But what skills are needed for legal project management? And what are the best practices that successful legal project managers use to ensure success? In this blog, we dive into these questions and more, exploring the top five best practices for effective legal project management.
We'll also share insights from an interview with a Legal Project Management Administrator, giving you a real-world perspective on what it takes to excel in this crucial role. If you want to start with the foundations, check out our blog on what legal project management is here.
In this article, we will cover the following:
- Why it’s important for in-house legal professionals to develop legal project management skills
- What skills are needed for effective legal project management?
- 5 best practices for legal project management
- A real-world insight into legal project management
- How can Newton help with legal project management?
Why it’s important for in-house legal professionals to develop legal project management skills
Legal project management (LPM) is the application of project management principles and techniques to legal projects. The concept has gained significant traction in recent years, particularly in the corporate legal world, where in-house legal teams are being asked to do more with fewer resources.
LPM aims to improve the efficiency and effectiveness of legal work by breaking it down into manageable, clearly defined tasks and assigning responsibilities and deadlines to each task.
By doing so, legal professionals can better manage their workload, reduce the risk of missed deadlines, and ensure that all stakeholders are kept informed and updated on the progress of the project.
Building legal project management skills is essential for in-house legal professionals to be able to navigate the complexities of the legal landscape and provide high-quality legal services to their companies. The benefits of developing these skills extend beyond just increased efficiency; it also helps legal professionals to better understand the business context in which their work is being done and to align their efforts with broader organizational goals.
In-house legal teams that are adept at legal project management are better equipped to manage competing priorities, deliver projects on time and within budget, and provide value-added legal services to their organizations.

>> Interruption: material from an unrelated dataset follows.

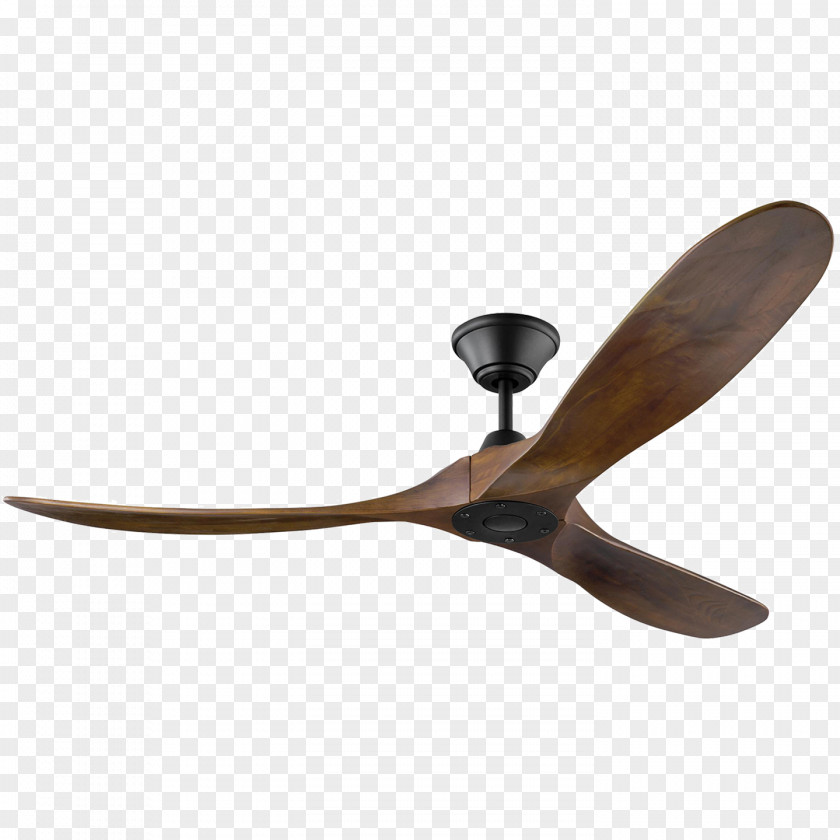 Walnut Wood Spoons Ceiling Fans Monte Carlo Maverick Efficient Energy Use PNG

They are also better positioned to communicate effectively with their internal clients, understand their needs and objectives, and provide strategic advice and support that can help drive the desired business outcomes.
In short, legal project management skills are critical for in-house legal professionals who want to excel in their roles and contribute meaningfully to their organizations. Developing these skills requires a combination of training, practice, and the use of tools and technologies that can help streamline legal work processes and make it more manageable and predictable.
What skills are needed for effective legal project management?
Effective legal project management requires a unique set of skills that combine legal knowledge and project management expertise. There are five key skills that are required to execute effective LPM in an in-house environment.
1. Legal expertise
Obviously, in-house legal teams need a strong understanding of the law and legal procedures to effectively manage legal matters. This includes knowledge of relevant regulations, case law, and legal precedents. Legal expertise also includes the ability to analyze legal issues, identify potential risks, and develop strategies for mitigating these risks.
2. Project management skills
To effectively manage legal matters, in-house legal teams need to develop project management skills, such as planning, scheduling, budgeting, and risk management. This includes identifying project goals, defining scope, allocating resources, and tracking progress towards milestones.
3. Communication skills
Project managers spend between 70-90% of their time on communications.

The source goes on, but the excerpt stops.